Article from category: Reviews
Theatre review: The Great Gatsby
Graham Cleverley reviewsTour de Force Theatre Company's take onThe Great Gatsby which was performed at the Salle Robert Krieps.
“Uh-oh!” one felt on reading that the Tour de Force company, in collaboration with the American Dramatic Group Europe were presenting an adaptation of “The Great Gatsby” at the Abbaye de Neumünster . Not that the ADGE/TDF are anything but a competently professional troupe who have entertained us many times before, but that we might be confronted with yet another attempt to stage something unstageable, with all the consequent flaws, like giving concrete shape to things best imagined, reducing action to speeches describing action and telescoping months if not years into a couple of hours on stage.
So it was a pleasant surprise on Monday night when the five performers kicked things off by immediately close harmonising and dancing their way into the Vo Do Do De Oh Blues as if they’d all been time-shifted from the ‘20s. So much for literary over-obsession.
Blessed with such an unusually talented set of performers, the director Peter Joucla made full use of them throughout the evening, marking each of the eighteen scene changes with different musical numbers, all from the period, and in the process not only providing entertainment and emphasising the setting in Fitzgerald’s Jazz Age, but covering up what scene shifting was required by the minimalist set.

With that out of the way, short scenes and multiple changes become less distracting, and the resultant configuration of the piece fits the shape of the original more accurately than some more conventional structure would, giving stage reconstruction some of the advantages of film. Take eighteen significant episodes from most novels, and you pretty well present the characters and sum up the story.
Which all made therefore for a successful production, aided by a cast that acted effectively as well as performing the song-and-dance bits.

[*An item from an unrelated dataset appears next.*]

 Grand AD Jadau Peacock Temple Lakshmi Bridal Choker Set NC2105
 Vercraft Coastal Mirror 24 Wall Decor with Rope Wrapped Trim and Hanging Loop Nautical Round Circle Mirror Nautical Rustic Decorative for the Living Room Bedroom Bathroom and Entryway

Just to recap what is probably familiar; the action all takes place in the summer of 1922, where a rich young couple, Tom and Daisy Buchanan (John Berry and Kathryn Duffy) live in what in England would be a stately home on the shore of a bay. On the opposite shore in another palatial home lives a mysterious character with no known background, Jay Gatsby (Andrew John Tait). Telling the story and observing the action is Daisy’s cousin, Nick (Charlie Kerson), who also is Jay’s neighbour and conducts a tentative but abortive affair with Daisy’s friend Jordan, a famous golfer, (Sharlit Deyzac).
Only five performers generally meant doubling up to bring in the minor characters. Only Kerson is blessed with only one role which he seemed to overplay somewhat to start with, settling back into a less extrovert personality as time went on. Sharlit Deyzac as Jordan handled her ambiguity well, and provided us with a believable Myrtle, Tom’s mistress, whose accidental death brings the whole castle tumbling down.

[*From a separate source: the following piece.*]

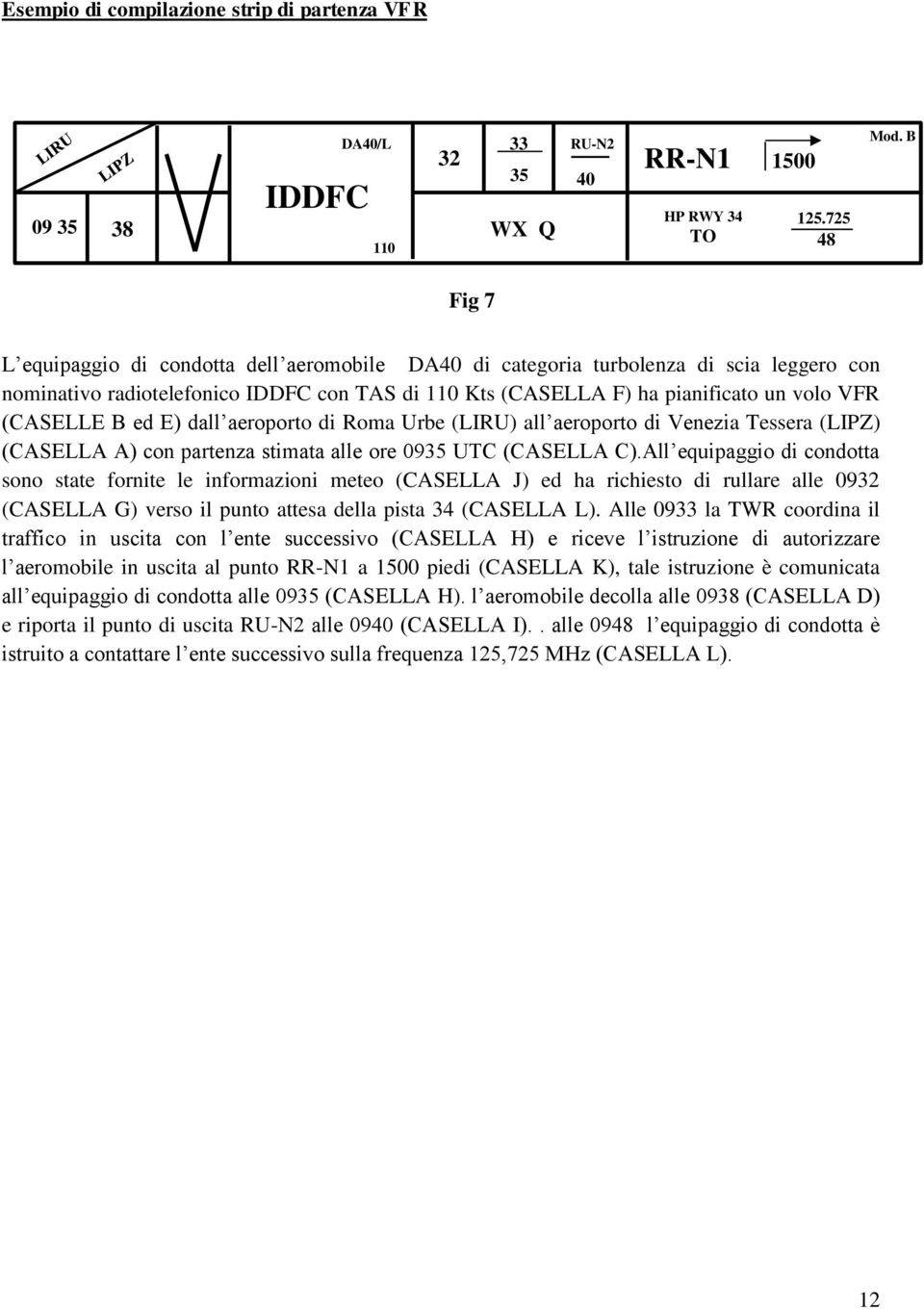 ed E) dall aeroporto di Roma Urbe (LIRU) all aeroporto di Venezia Tessera (LIPZ) (CASELLA A) con partenza stimata alle ore 0935 UTC (CASELLA C).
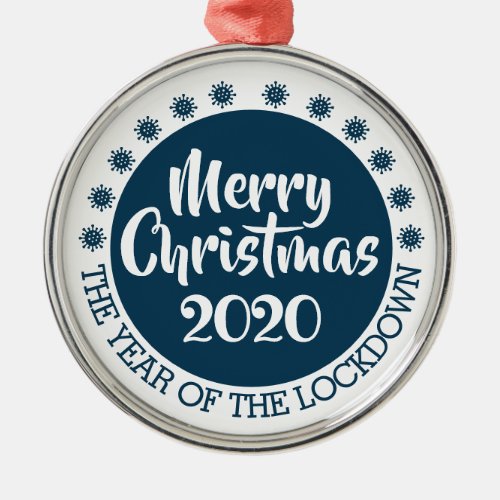 2020 lockdown covid pandemic Christmas blue white Metal Ornament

As Gatsby, Tait was thoroughly competent, but it is almost impossible to bring completely to life a fictional figure that has lived so long in the observer’s imagination. Nick describes him in the play as ‘gorgeous’ with a ‘heightened sensitivity to life’, and ‘a kind of romantic readiness I’ve never come across before’: try living up to that.
Wilson, Myrtle’s husband and the deus ex machina of the evening, was less of a challenge to him, and completely successful: And he threw in a butler of one’s dreams.

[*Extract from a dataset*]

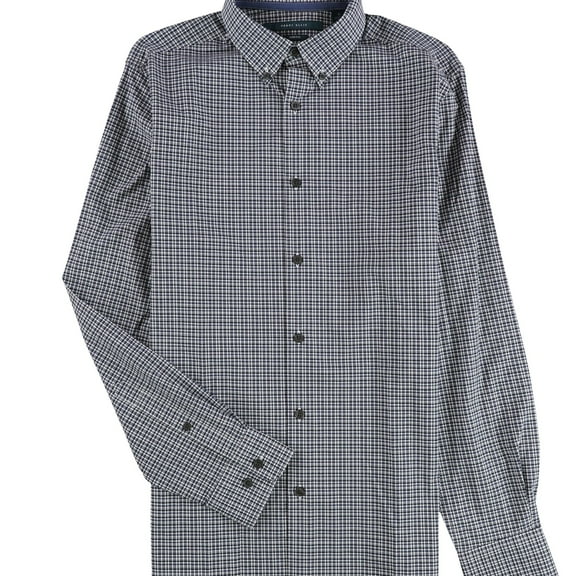 Perry Ellis Mens Stretch Plaid Button Up Shirt, Blue, Small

The problem inherent in Gatsby is also true of the legendarily beautiful Daisy Buchanan, as whom at least one Hollywood figure notoriously flopped. Kathryn Duffy was much better than that as the woman who has ‘been everywhere, seen everything and done everything’. A blonde wig might have fitted the traditional perception better: at least the lack of it avoided stereotyping. Duffy was also a hilarious Lucille McKee, Myrtle’s drunken friend.
John Berry’s Tom was I thought a trifle too continuously loud, though he has to lose his temper often enough, I don’t think he should have given off such a permanent aura of outrage. His minor character Woolfsheim, Jay’s gangster accomplice, was beautifully sleazy and ominous.
I already complemented the director. The women’s costumes were excellent as they needed to be for such a period-embedded piece. The minor men’s costumes also were, but Jay’s and Tom’s in particular were somewhat stiffly formal for action that takes place over a summer in a Long Island resort area. Men’s costumes are not so easily and quickly changed as women’s however. At least not in the theatre.
Gatsby is a tragedy. Essentially it is the same tragedy that exists in general in Fitzgerald’s work, the tragedy of people to whom money is no object, and the problem for them is what does there remain to do; the tragedy of, as Nick says, careless people who smash up things and creatures and then retreat back into their money, and leave other people to clean up after them.
The company here wove a tale that underscored that tragedy. Which I guess is what the adaptation of a book should do. My initial reservations were therefore happily wrong.